_Task brief:_ Without the images, print all the entries below exactly as given.

** Records for processing follows **

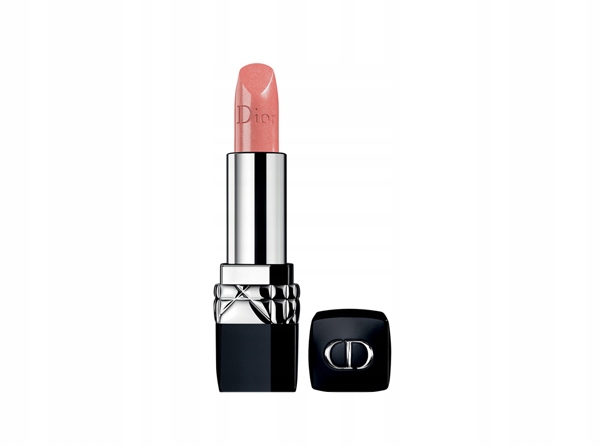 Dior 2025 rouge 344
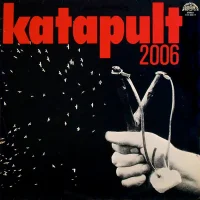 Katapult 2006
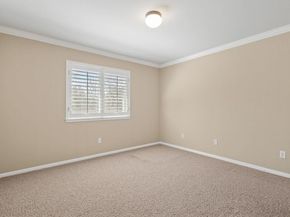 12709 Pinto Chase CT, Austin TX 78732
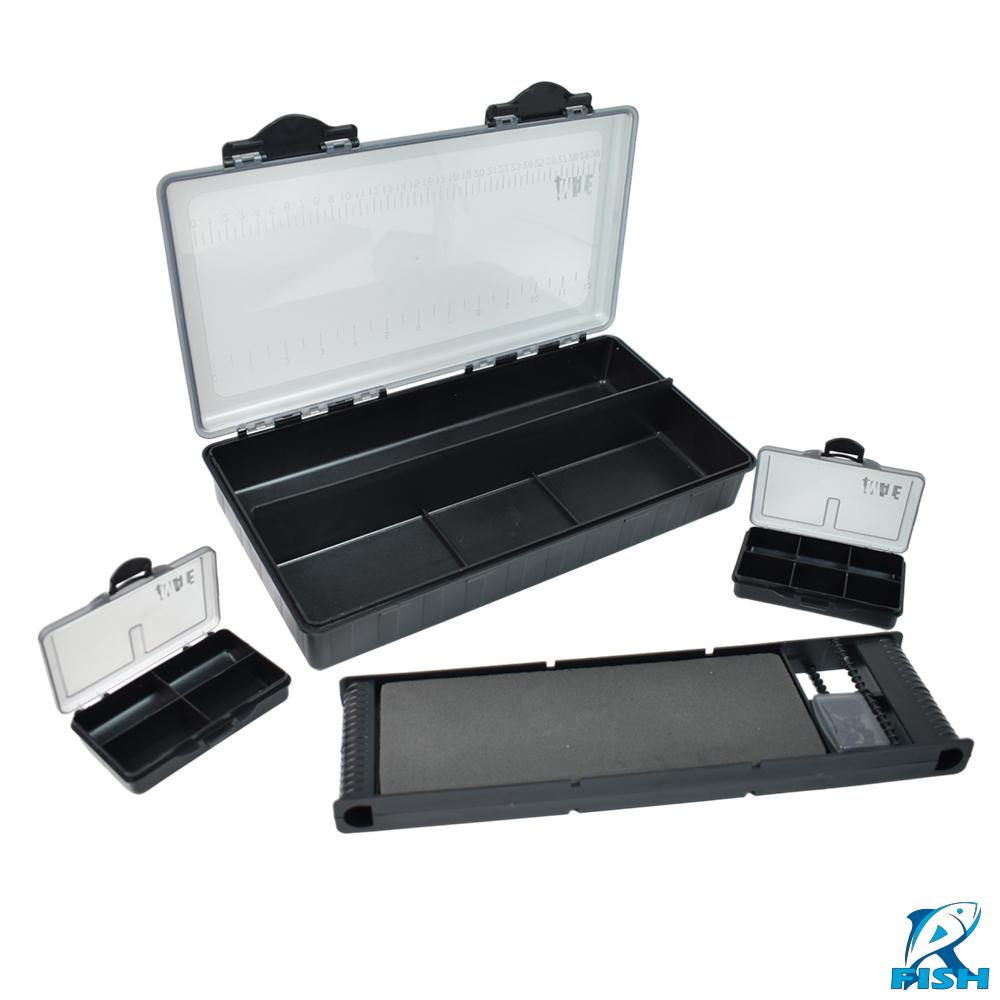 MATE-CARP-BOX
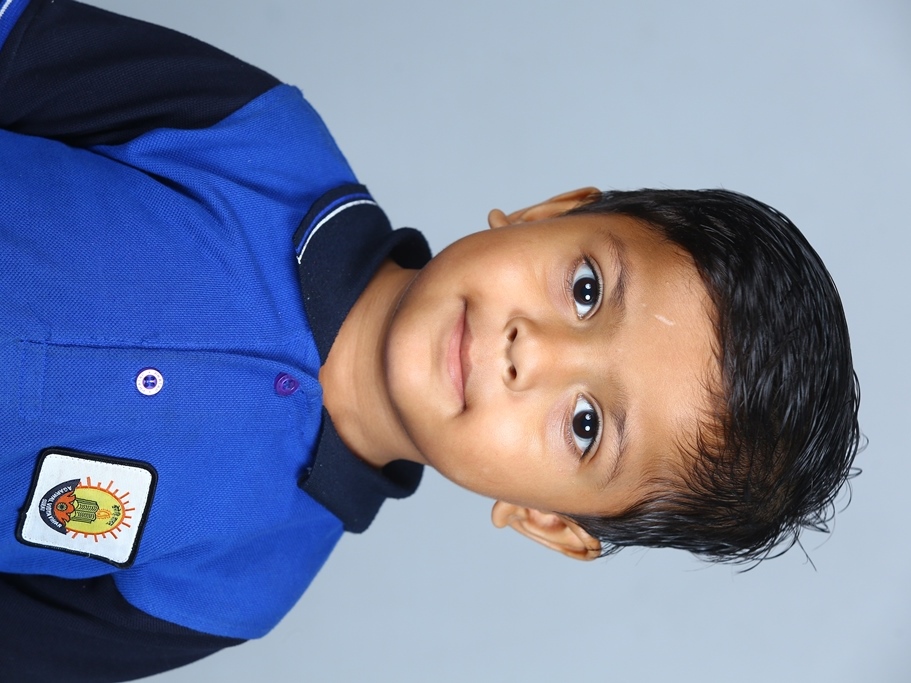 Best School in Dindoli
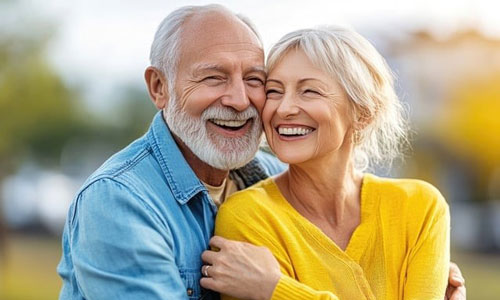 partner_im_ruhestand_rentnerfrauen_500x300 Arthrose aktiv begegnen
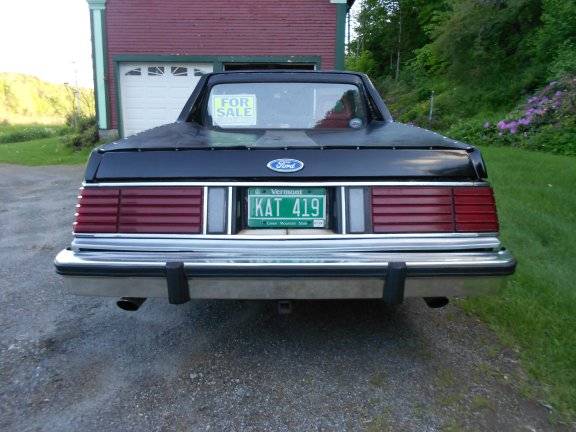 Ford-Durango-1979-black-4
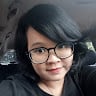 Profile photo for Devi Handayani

** End of Records for processing **

_Written response:_
 Dior 2025 rouge 344
 Katapult 2006
 12709 Pinto Chase CT, Austin TX 78732
 MATE-CARP-BOX
 Best School in Dindoli
 partner_im_ruhestand_rentnerfrauen_500x300 Arthrose aktiv begegnen
 Ford-Durango-1979-black-4
 Profile photo for Devi Handayani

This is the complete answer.